Today was another election holiday, this time for the mayoral elections. Unlike for the presidential elections last Friday, for today, there were no warnings to stay indoors. However, ‘chaos’ did erupt (no violence that I’ve heard of), and the voting stations across Kampala (or minimally across central Kampala) were shut down. Those who had voted in the couple of hours in the morning in which the stations were open will have to vote again.
I didn’t know any of this as I took a walk this morning. I did, however, happen upon a bit of a scene. On a side road there was a ribboned-off section demarcating the voting station, and while the area within the ribbons seemed particularly empty, there was a small angry crowd just outside. Some of the yelling was in English, but even as I strained to understand what the problem was (nosy as I am), I couldn’t make heads or tails of it. In the end, I assumed it was probably of no interest to me. My walking companion, an independent contractor here to work, I believe, on issues of economics and trade, helped me to take some photos of the polling stations, and even captured my attempts to subtly comprehend the uproar.

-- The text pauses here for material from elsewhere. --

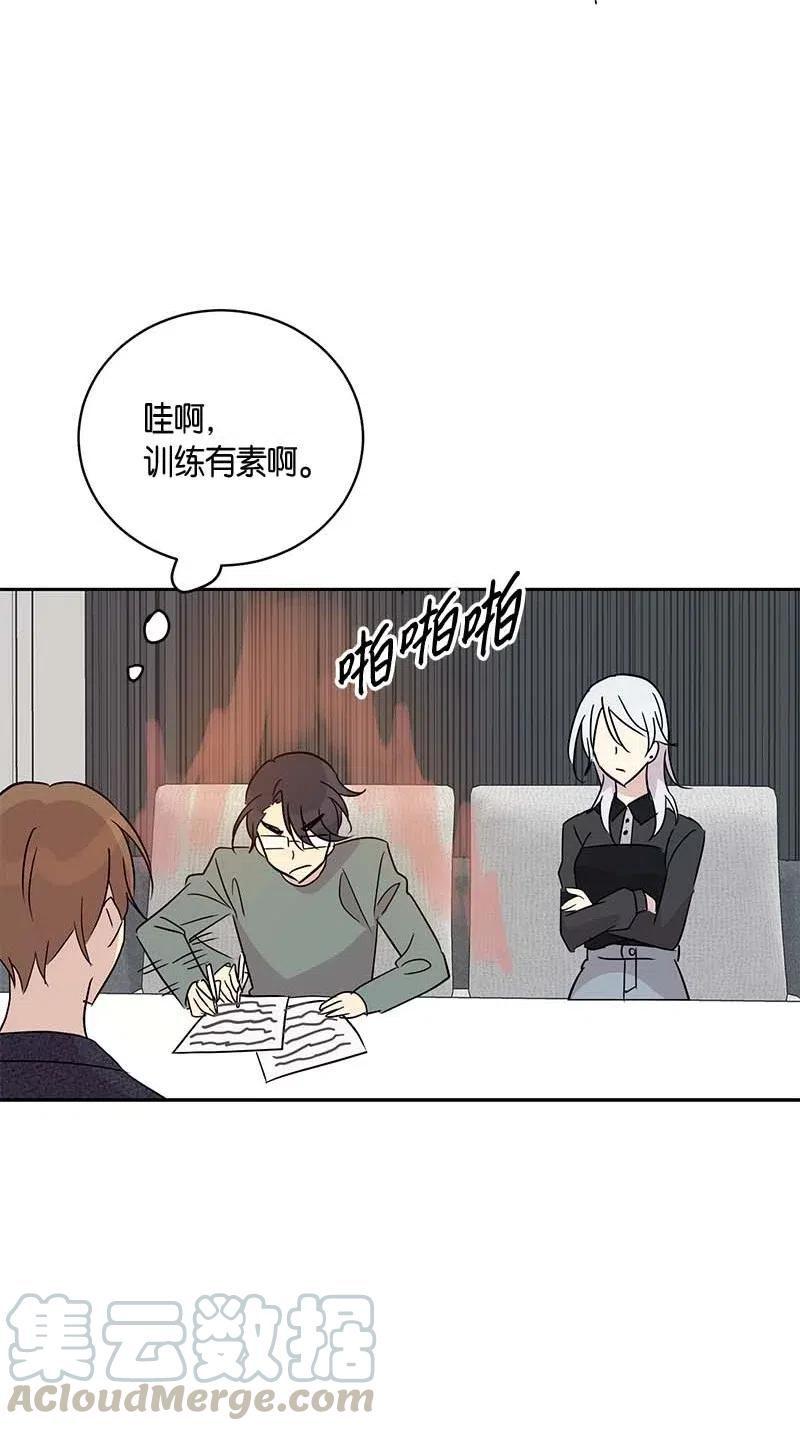 37 治愈人心的一首歌48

It wasn’t until I was back at the hotel compound that I overheard the radio reports about the Kampala ‘chaos’ and the election suspension. I asked around. As it turns out, two of the opponents running for mayor were discovered to have ‘stolen votes’. According to Kampala’s Daily Monitor newspaper, “Thousands of pre-ticked ballot papers and stuffed ballot boxes have been recovered by the police in the early hours of voting this morning.” (Feb 23, 2011) The voting stations were then shut down by the Electoral Commission until further notice. The radio report had said that even at the time of its broadcast, few people knew of the closures. It was unknown how disappointment would manifest itself, but likely there would be no trouble.
I took this moment of questioning staff at the hotel to also ask about the presidential elections. I found it hard to believe the numbers: by most accounts, Museveni had won the leadership race with almost 70% of the votes. I’m still not sure of the accuracy of the count, but another version of the story was presented to me. One man I spoke to said that the numbers were correct; Museveni had threatened discord (perhaps even war) if he didn’t win, and this man told me that people voted for him just to keep the peace, although really what they wanted was change. He said it was better to have “no confusion”. This statement, of course, echoes what the taxi driver had told me last week.